- **RECORDS FOR THE EXERCISE**
Segment Open

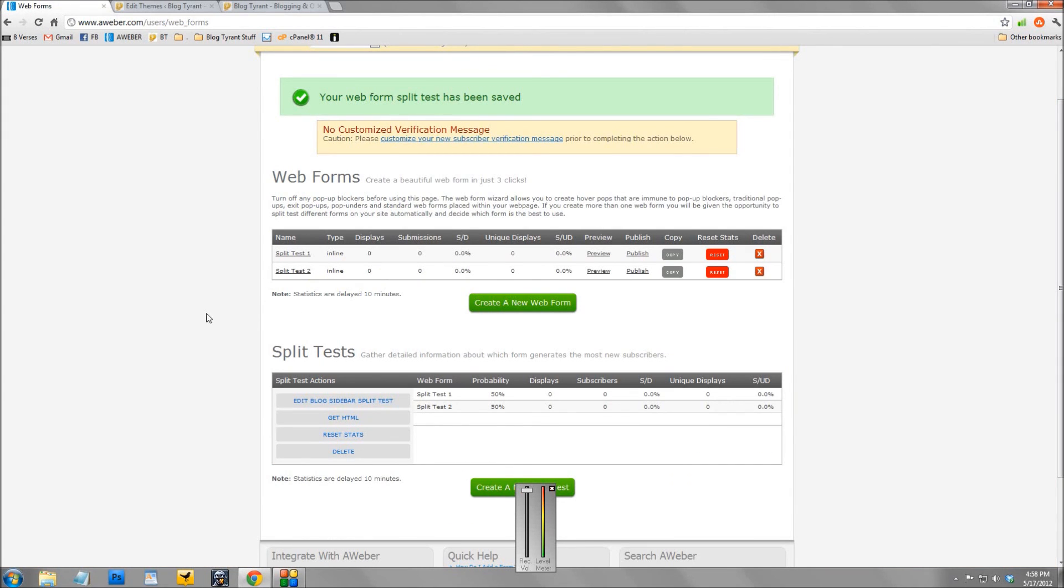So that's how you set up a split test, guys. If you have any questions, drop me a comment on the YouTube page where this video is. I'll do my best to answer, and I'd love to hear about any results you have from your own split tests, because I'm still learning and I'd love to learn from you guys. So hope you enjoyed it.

Segment Closed
Segment Open

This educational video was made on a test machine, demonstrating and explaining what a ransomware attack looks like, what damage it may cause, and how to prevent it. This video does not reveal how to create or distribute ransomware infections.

Segment Closed
Segment Open

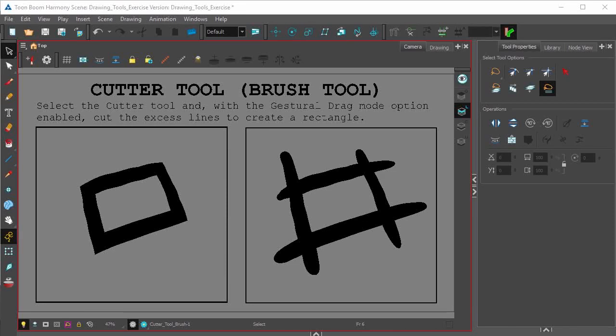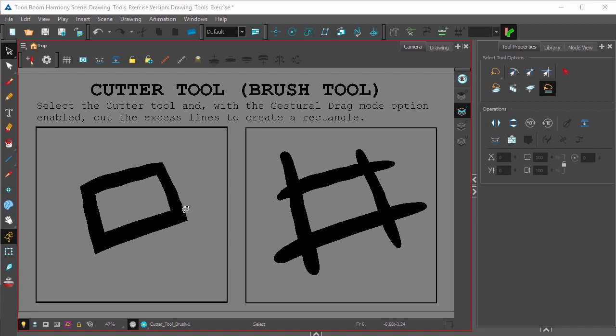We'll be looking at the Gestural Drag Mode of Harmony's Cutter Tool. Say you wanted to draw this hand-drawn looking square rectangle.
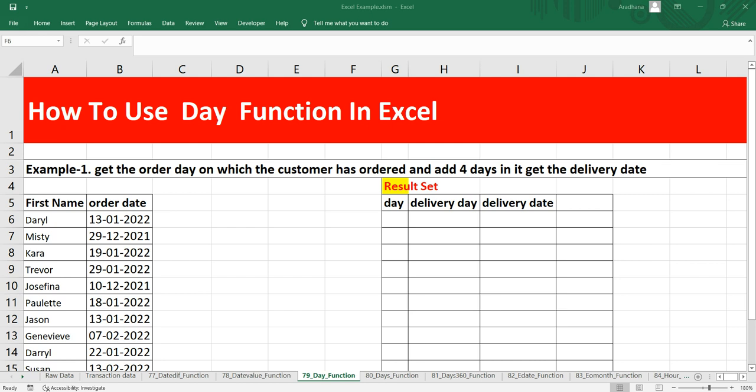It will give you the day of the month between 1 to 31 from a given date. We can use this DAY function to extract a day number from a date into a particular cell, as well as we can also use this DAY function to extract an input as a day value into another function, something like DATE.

Segment Closed

- **WHAT THE EXERCISE ASKS**
Within the entries above, give again exactly the lines starting at the one that contains "We'll be looking" and ending at the one that contains "It will give", leaving out the pictures.

- **EXPECTED ANSWER**
We'll be looking at the Gestural Drag Mode of Harmony's Cutter Tool. Say you wanted to draw this hand-drawn looking square rectangle.
It will give you the day of the month between 1 to 31 from a given date. We can use this DAY function to extract a day number from a date into a particular cell, as well as we can also use this DAY function to extract an input as a day value into another function, something like DATE.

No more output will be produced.